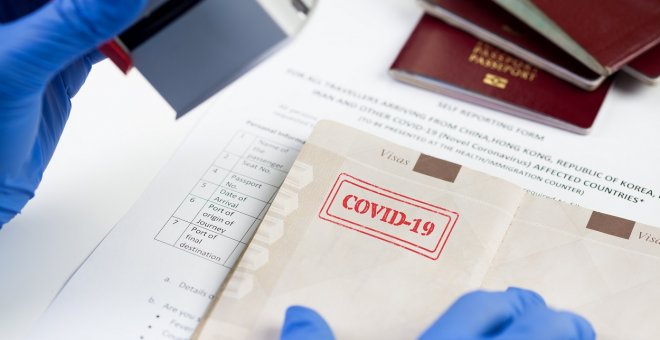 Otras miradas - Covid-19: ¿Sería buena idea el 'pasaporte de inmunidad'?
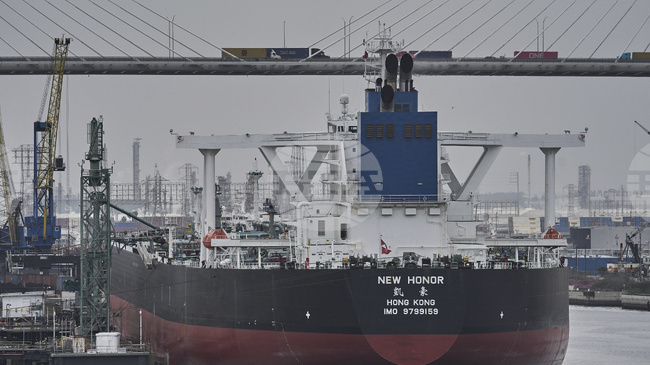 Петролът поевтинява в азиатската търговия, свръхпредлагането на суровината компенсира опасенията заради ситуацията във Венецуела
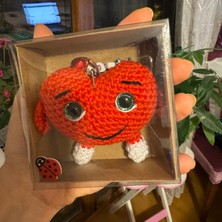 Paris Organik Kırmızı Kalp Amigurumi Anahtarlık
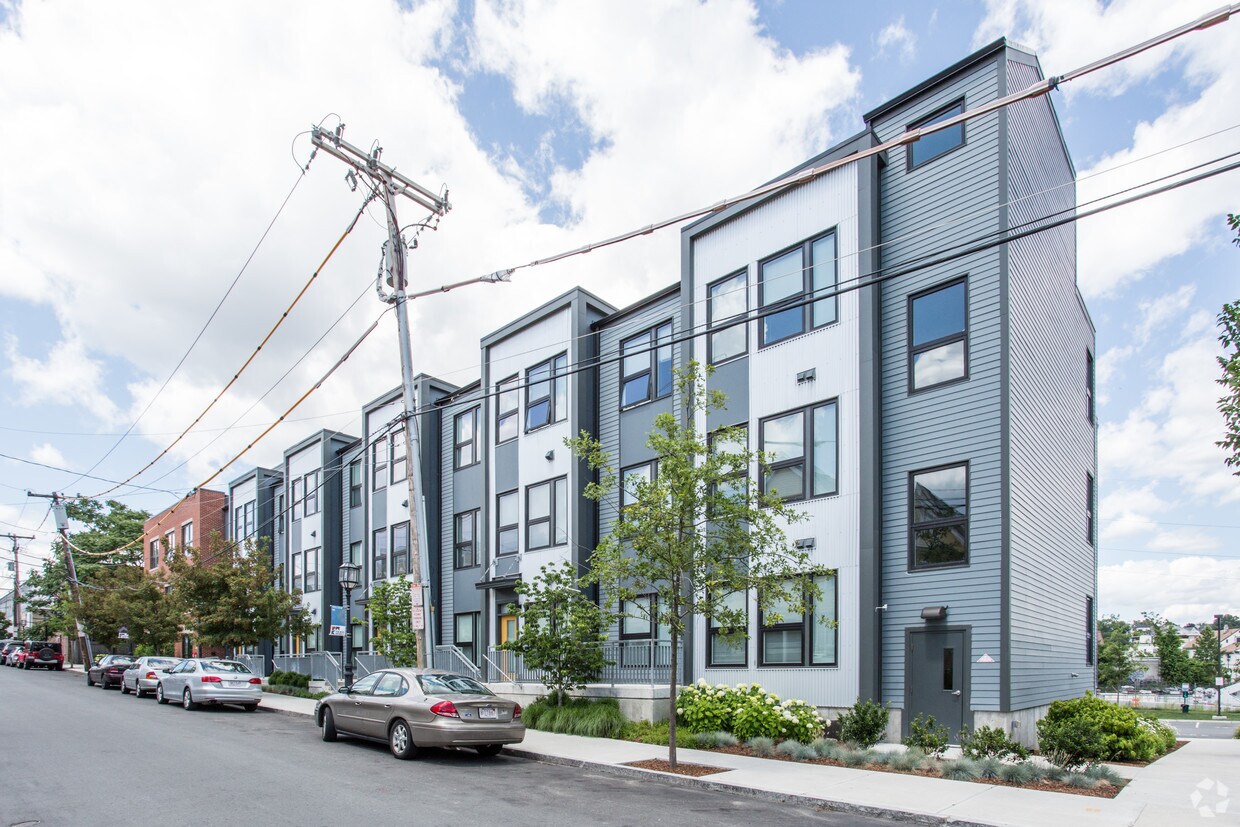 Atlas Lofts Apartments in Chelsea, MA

● **PROBLEM STATEMENT**:
The lines above must be transcribed exactly, with every picture left out.

● **RESULT OF THE EXERCISE**:
 Otras miradas - Covid-19: ¿Sería buena idea el 'pasaporte de inmunidad'?
 Петролът поевтинява в азиатската търговия, свръхпредлагането на суровината компенсира опасенията заради ситуацията във Венецуела
 Paris Organik Kırmızı Kalp Amigurumi Anahtarlık
 Atlas Lofts Apartments in Chelsea, MA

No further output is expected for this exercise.